Obligatory link to https://killedbygoogle.com/



I'm curious if Clayton Christensen's would add some exceptions to his follow up book to "The Innovator's Dilemma" [1] ("The Innovators Solution") where the solution to BigCo failing to innovate is because they can never comprehend/tolerate any business which might cannibalize their core business even in the slightest (like a niche RSS reader taking away views from Google News and Google SERPs) is to do "intrapeanuership". Which is where your side plays are isolated/insulated from the downward pressure of established powerful internal teams controlling the current pet business model.
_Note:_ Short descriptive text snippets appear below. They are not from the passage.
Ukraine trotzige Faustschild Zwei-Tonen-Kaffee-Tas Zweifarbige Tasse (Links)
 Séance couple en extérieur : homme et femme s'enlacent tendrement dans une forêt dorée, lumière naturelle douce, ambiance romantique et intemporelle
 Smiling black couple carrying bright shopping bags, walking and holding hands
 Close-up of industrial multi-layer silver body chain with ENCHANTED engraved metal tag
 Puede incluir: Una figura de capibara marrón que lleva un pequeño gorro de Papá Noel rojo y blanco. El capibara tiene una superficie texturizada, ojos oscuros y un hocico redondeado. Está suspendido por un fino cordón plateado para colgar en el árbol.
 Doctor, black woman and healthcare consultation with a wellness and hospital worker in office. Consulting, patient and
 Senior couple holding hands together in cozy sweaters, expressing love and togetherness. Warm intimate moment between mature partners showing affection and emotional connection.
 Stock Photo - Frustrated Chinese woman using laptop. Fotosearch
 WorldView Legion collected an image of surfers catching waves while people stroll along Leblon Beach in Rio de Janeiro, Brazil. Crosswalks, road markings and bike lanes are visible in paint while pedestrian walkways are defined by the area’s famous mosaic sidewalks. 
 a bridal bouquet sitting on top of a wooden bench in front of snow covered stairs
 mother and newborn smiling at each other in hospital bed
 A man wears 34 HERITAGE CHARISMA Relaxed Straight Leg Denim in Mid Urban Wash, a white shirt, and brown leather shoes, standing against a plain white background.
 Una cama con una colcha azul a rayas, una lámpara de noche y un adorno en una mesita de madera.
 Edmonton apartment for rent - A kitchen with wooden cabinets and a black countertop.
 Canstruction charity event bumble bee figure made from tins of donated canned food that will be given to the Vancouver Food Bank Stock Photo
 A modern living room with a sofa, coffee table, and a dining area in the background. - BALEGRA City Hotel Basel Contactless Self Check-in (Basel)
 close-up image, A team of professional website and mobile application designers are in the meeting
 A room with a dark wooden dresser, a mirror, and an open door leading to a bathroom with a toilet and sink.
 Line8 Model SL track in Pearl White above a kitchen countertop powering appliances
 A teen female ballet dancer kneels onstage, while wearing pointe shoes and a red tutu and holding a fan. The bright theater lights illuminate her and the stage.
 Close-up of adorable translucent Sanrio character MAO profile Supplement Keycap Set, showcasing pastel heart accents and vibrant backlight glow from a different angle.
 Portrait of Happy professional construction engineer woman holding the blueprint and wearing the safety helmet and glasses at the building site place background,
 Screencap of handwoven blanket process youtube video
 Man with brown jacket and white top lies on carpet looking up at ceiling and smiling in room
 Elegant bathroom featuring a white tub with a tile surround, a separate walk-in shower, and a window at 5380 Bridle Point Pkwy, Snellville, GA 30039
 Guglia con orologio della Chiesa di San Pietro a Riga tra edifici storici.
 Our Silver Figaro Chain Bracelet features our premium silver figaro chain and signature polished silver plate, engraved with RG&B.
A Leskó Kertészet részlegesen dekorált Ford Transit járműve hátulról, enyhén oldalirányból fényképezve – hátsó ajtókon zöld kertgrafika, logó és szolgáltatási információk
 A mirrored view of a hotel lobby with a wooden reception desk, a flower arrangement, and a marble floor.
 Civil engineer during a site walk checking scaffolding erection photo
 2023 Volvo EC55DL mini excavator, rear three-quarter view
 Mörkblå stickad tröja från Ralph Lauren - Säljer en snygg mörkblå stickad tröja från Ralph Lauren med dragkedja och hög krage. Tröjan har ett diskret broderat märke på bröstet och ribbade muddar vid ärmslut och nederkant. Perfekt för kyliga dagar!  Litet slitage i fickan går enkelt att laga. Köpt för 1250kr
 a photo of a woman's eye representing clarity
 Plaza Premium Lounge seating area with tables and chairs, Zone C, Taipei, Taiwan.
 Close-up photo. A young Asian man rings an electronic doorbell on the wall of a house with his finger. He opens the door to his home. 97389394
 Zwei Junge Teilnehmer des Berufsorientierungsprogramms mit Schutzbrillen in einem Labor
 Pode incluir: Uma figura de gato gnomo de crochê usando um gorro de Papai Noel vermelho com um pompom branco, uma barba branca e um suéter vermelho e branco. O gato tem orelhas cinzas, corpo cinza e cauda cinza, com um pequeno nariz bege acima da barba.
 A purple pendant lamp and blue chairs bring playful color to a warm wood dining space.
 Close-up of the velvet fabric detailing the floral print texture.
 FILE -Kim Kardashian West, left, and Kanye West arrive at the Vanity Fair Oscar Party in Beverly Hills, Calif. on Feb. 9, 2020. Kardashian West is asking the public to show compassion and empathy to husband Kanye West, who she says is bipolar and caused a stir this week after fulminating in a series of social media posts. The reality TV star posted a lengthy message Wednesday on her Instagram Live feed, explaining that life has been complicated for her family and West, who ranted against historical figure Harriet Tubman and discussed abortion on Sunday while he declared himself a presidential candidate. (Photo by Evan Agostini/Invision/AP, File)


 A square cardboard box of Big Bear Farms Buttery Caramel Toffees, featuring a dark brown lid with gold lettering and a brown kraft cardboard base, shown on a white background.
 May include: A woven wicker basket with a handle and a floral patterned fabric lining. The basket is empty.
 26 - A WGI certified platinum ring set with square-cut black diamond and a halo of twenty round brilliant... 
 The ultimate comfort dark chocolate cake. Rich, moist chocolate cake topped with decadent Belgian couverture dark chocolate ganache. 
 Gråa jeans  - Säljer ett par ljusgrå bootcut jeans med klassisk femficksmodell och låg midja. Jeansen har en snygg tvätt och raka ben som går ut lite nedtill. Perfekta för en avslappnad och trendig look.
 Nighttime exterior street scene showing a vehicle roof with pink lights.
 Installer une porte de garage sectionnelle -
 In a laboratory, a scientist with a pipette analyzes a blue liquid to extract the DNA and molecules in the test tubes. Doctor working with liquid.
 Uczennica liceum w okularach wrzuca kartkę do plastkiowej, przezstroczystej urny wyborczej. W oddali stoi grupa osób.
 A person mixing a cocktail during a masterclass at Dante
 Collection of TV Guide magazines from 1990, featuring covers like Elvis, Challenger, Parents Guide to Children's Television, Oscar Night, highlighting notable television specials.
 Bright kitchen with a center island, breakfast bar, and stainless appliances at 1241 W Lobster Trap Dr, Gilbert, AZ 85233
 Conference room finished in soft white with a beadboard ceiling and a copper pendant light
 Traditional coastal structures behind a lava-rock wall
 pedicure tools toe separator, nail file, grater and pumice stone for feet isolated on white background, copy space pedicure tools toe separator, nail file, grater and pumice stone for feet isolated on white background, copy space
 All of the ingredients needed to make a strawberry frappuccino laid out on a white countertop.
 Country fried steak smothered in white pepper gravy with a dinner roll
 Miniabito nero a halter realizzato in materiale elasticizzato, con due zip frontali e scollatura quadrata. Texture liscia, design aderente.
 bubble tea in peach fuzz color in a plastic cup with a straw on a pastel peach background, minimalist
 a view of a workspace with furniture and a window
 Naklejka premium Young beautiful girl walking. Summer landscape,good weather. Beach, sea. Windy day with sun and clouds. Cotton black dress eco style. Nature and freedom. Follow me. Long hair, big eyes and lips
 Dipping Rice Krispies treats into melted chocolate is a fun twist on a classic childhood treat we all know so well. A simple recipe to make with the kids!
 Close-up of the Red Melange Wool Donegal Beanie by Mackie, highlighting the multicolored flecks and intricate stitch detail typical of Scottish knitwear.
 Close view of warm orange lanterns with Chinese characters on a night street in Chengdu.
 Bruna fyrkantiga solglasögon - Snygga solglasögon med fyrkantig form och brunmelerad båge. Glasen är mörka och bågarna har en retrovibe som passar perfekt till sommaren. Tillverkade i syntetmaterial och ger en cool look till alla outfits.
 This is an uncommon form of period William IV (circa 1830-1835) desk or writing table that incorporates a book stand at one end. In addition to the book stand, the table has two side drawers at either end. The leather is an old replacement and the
I doubt Reader was ever going to be a serious business but maybe there should be a much more explicit execption for the side products your customers love that also don't fit perfectly into the parent companies main business/product dev strategy.

[1] https://en.wikipedia.org/wiki/The_Innovator's_Dilemma?wprov=...


At Google too many people have the power to launch products to keep all of the products around forever.


This. I also switched to Feedly, no biggie. But it made me take a hard look at what else I was dependent on Google for. About 5 years ago I excised Google from my life as much as I good, including sunsetting my gmail account.

I still use my Android phone, and use maps for navigation and browse youtube online, but I use as little 'account' features as is necessary. If I wanted to switch to iPhone tomorrow, there'd be next to zero migration headaches.


I also moved to Feedly, but the shuttering of Reader meant that many websites stopped posting RSS links, and some big sites stopped supporting it altogether.